TASK TO COMPLETE => Write all of the lines below out again, exactly as they stand.

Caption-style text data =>
- Opening Delimiter -

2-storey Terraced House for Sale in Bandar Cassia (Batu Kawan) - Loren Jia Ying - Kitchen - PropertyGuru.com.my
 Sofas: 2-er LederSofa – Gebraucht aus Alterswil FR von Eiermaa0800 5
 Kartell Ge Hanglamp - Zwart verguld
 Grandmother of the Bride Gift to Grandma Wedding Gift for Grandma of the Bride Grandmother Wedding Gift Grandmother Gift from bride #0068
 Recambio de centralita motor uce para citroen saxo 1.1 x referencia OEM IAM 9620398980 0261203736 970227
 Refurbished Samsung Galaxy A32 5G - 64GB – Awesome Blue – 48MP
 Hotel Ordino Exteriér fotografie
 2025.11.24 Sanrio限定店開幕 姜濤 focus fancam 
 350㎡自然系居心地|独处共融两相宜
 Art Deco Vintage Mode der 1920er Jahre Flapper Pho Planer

- Closing Delimiter -

RESPONSE TO THE EXERCISE =>
2-storey Terraced House for Sale in Bandar Cassia (Batu Kawan) - Loren Jia Ying - Kitchen - PropertyGuru.com.my
 Sofas: 2-er LederSofa – Gebraucht aus Alterswil FR von Eiermaa0800 5
 Kartell Ge Hanglamp - Zwart verguld
 Grandmother of the Bride Gift to Grandma Wedding Gift for Grandma of the Bride Grandmother Wedding Gift Grandmother Gift from bride #0068
 Recambio de centralita motor uce para citroen saxo 1.1 x referencia OEM IAM 9620398980 0261203736 970227
 Refurbished Samsung Galaxy A32 5G - 64GB – Awesome Blue – 48MP
 Hotel Ordino Exteriér fotografie
 2025.11.24 Sanrio限定店開幕 姜濤 focus fancam 
 350㎡自然系居心地|独处共融两相宜
 Art Deco Vintage Mode der 1920er Jahre Flapper Pho Planer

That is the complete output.